§ **Problem description**:
Please write out, exactly as given, every line of the entries below up to and including the line with "Central Green Condominium".

── Data ──

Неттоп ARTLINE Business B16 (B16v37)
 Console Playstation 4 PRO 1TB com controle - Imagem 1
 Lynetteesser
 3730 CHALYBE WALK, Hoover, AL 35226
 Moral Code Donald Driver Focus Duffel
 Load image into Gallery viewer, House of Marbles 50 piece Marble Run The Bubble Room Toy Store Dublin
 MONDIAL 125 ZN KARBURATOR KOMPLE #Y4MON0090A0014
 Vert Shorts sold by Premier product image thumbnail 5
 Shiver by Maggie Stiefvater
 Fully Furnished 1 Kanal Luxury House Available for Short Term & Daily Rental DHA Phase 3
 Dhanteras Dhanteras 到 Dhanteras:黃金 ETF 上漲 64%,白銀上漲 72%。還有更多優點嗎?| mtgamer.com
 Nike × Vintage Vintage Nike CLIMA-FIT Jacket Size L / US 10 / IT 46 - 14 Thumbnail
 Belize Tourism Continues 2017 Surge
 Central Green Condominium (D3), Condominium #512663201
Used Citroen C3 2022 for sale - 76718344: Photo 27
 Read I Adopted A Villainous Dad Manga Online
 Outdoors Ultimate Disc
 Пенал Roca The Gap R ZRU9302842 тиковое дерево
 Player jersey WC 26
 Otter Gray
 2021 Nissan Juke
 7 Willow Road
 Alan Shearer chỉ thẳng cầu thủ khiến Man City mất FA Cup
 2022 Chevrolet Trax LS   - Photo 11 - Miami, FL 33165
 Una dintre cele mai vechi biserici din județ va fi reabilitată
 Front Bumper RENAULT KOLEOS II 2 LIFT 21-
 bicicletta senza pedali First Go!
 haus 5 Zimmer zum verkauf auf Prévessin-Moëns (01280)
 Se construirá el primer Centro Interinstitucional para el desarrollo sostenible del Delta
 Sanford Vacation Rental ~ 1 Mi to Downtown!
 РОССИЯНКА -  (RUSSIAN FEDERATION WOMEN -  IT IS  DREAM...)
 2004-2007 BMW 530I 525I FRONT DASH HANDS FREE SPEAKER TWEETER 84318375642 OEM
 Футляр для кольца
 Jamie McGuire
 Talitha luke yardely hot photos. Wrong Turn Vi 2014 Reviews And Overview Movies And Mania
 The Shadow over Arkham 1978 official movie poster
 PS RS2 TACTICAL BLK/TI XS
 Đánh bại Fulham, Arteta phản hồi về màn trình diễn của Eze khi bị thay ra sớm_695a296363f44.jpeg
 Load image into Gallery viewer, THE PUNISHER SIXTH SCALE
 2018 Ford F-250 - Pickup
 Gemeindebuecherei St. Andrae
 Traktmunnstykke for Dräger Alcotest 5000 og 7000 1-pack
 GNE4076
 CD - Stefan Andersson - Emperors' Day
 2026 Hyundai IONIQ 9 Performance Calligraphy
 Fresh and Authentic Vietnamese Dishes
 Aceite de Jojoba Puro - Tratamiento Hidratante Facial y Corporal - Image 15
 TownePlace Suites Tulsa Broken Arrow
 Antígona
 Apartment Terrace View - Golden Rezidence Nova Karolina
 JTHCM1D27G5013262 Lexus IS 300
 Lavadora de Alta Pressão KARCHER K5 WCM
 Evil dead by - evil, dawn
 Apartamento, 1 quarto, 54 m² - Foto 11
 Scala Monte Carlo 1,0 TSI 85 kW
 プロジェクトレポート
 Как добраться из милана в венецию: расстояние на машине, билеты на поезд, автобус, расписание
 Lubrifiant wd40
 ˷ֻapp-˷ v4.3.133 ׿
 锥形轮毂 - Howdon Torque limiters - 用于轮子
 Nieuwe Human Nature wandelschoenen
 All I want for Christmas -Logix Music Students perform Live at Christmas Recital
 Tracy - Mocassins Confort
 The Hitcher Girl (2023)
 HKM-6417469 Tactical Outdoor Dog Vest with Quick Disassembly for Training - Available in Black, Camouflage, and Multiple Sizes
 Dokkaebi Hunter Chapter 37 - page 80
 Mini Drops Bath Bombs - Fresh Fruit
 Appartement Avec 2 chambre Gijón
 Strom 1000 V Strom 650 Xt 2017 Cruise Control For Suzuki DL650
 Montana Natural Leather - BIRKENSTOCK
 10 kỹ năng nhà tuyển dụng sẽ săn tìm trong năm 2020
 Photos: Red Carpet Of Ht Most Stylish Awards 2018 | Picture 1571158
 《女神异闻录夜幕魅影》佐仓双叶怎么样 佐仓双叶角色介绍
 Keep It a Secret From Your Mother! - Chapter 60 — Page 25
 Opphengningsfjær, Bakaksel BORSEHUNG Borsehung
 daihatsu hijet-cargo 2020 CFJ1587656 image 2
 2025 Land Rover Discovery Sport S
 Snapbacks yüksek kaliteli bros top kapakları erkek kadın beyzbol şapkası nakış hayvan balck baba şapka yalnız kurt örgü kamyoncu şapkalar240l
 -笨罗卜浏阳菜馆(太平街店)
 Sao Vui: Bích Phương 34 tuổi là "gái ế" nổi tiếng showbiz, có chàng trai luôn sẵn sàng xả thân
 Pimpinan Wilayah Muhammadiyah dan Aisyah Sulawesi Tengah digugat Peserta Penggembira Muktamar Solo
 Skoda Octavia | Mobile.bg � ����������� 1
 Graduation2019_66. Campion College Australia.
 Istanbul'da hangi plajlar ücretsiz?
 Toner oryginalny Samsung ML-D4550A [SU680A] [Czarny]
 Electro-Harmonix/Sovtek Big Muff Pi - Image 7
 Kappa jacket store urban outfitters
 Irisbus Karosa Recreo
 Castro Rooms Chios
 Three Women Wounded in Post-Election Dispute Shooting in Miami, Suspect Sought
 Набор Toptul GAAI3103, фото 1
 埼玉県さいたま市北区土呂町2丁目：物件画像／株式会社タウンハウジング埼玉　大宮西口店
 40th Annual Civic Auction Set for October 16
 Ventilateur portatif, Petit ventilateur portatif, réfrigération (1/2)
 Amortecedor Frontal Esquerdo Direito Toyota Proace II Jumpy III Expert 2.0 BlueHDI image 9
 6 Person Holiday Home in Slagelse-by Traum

───

§ **Written reply**:
Неттоп ARTLINE Business B16 (B16v37)
 Console Playstation 4 PRO 1TB com controle - Imagem 1
 Lynetteesser
 3730 CHALYBE WALK, Hoover, AL 35226
 Moral Code Donald Driver Focus Duffel
 Load image into Gallery viewer, House of Marbles 50 piece Marble Run The Bubble Room Toy Store Dublin
 MONDIAL 125 ZN KARBURATOR KOMPLE #Y4MON0090A0014
 Vert Shorts sold by Premier product image thumbnail 5
 Shiver by Maggie Stiefvater
 Fully Furnished 1 Kanal Luxury House Available for Short Term & Daily Rental DHA Phase 3
 Dhanteras Dhanteras 到 Dhanteras:黃金 ETF 上漲 64%,白銀上漲 72%。還有更多優點嗎?| mtgamer.com
 Nike × Vintage Vintage Nike CLIMA-FIT Jacket Size L / US 10 / IT 46 - 14 Thumbnail
 Belize Tourism Continues 2017 Surge
 Central Green Condominium (D3), Condominium #512663201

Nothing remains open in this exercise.